▶ Your assignment: The reply to the records below should contain exactly the lines from the line with "Hirondelle messagère" through the line with "Bryozoa : Ernst Haeckel, Bryozoa", and nothing besides.

▶ Supplied material:
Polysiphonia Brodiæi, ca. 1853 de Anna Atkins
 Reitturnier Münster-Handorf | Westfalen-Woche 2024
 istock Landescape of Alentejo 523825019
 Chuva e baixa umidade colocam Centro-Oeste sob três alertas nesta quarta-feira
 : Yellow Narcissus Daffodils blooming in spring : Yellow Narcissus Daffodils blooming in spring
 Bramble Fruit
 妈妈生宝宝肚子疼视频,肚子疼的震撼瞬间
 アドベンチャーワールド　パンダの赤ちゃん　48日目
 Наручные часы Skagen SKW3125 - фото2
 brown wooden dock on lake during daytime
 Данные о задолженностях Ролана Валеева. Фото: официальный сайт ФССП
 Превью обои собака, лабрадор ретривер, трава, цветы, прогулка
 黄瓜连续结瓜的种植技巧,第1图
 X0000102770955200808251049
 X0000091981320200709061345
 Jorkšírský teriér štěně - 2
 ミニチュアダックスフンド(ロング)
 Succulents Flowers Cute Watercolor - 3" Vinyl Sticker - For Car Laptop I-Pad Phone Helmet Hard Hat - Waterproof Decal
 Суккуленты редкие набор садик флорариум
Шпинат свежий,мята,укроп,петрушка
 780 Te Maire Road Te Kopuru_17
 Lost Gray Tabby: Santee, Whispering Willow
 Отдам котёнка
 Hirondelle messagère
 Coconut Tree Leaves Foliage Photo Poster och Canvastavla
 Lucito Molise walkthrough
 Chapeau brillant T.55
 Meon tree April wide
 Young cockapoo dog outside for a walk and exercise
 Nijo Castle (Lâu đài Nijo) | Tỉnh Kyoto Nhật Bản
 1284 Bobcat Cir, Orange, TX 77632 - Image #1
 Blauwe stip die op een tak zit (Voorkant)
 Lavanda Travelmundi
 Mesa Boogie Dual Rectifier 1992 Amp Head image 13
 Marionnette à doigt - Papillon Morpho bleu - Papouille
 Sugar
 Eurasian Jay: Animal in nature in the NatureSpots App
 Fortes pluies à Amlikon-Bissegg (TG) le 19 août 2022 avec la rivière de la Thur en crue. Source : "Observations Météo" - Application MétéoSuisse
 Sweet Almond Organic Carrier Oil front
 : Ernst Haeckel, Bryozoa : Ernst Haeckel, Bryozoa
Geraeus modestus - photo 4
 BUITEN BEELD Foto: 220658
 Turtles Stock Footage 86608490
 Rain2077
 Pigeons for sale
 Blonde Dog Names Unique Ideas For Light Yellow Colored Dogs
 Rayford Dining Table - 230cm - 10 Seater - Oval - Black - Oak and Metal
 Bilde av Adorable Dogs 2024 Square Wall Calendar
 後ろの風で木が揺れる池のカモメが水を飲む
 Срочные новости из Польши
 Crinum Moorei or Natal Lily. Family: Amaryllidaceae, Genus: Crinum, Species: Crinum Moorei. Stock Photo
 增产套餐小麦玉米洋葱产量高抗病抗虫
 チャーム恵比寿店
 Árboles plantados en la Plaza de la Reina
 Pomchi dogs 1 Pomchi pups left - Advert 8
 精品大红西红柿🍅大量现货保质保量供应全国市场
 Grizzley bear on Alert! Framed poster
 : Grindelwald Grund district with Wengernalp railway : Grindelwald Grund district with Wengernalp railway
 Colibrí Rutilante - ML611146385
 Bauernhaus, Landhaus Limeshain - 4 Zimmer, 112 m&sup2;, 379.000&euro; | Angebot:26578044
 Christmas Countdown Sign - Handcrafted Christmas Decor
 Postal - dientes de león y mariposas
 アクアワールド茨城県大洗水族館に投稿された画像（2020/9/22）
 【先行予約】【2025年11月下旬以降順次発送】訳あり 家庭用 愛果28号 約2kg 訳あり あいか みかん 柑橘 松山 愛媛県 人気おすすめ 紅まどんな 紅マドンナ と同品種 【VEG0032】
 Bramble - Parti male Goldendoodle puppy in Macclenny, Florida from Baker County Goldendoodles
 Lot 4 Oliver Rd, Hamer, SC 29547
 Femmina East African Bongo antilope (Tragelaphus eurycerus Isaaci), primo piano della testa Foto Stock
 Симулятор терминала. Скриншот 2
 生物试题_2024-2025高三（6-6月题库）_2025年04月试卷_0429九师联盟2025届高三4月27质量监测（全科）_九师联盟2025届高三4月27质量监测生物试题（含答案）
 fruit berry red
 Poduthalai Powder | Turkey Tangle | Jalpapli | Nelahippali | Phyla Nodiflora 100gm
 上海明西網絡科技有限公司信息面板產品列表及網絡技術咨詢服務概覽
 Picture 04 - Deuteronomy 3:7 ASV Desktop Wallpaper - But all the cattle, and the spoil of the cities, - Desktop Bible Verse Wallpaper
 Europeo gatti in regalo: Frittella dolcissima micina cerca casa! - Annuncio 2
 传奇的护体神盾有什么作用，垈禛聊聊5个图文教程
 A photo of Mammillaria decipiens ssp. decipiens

▶ Result:
 Hirondelle messagère
 Coconut Tree Leaves Foliage Photo Poster och Canvastavla
 Lucito Molise walkthrough
 Chapeau brillant T.55
 Meon tree April wide
 Young cockapoo dog outside for a walk and exercise
 Nijo Castle (Lâu đài Nijo) | Tỉnh Kyoto Nhật Bản
 1284 Bobcat Cir, Orange, TX 77632 - Image #1
 Blauwe stip die op een tak zit (Voorkant)
 Lavanda Travelmundi
 Mesa Boogie Dual Rectifier 1992 Amp Head image 13
 Marionnette à doigt - Papillon Morpho bleu - Papouille
 Sugar
 Eurasian Jay: Animal in nature in the NatureSpots App
 Fortes pluies à Amlikon-Bissegg (TG) le 19 août 2022 avec la rivière de la Thur en crue. Source : "Observations Météo" - Application MétéoSuisse
 Sweet Almond Organic Carrier Oil front
 : Ernst Haeckel, Bryozoa : Ernst Haeckel, Bryozoa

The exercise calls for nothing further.